Enhancing Zero-Shot Learning with CLIP for Multi-Distribution Mammogram Classification
Abstract
Breast cancer, the most prevalent cancer among women globally, relies on mammography for early detection, significantly reducing mortality rates. The Breast Imaging Reporting and Data System (BI-RADS) standardizes classification of mammograms into normal, benign, or malignant categories, aiding diagnosis. However, existing vision-language models (VLMs) struggle with generalization across diverse datasets due to imaging variations. This thesis introduces the Multi-Distribution Mammogram Classification with Contrastive Language-Image Pre-training (MDMC-CLIP) framework, enhancing the OpenAI CLIP model to improve accuracy and cross-dataset generalization in mammography.
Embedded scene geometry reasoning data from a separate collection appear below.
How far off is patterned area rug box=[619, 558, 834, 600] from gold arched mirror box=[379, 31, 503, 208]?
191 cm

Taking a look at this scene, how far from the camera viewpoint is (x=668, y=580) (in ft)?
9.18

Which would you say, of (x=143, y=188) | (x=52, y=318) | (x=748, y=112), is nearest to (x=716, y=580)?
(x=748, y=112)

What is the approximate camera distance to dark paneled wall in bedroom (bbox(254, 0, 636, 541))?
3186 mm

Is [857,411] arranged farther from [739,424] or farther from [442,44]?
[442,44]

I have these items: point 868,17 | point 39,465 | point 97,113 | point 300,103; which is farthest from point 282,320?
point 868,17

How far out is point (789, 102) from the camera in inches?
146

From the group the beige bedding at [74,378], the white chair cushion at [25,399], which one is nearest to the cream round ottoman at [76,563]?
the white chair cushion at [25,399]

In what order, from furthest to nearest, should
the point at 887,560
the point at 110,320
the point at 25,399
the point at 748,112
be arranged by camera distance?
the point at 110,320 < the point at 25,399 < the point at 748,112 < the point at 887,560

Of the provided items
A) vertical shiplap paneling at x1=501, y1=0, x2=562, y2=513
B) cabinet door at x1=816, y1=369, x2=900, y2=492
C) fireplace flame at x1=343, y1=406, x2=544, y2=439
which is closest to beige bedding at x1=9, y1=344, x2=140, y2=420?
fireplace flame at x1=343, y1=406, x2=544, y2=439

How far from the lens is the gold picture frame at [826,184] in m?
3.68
By integrating multi-dataset training (INbreast, MIAS, VinDr-Mammo, KAU-BCMD, CMMD) and enriched prompts, MDMC-CLIP captures dataset-specific diversity, enabling differentiation of subtle inter-dataset variations alongside standard classifications. Latent prompt extraction refines image descriptions, boosting fine-grained understanding. Zero-shot experiments demonstrate MDMC-CLIP’s superiority over baseline VLMs, showcasing enhanced accuracy and adaptability to unseen datasets. This research advances AI-driven mammography, offering a robust tool for early breast cancer detection with broad clinical potential.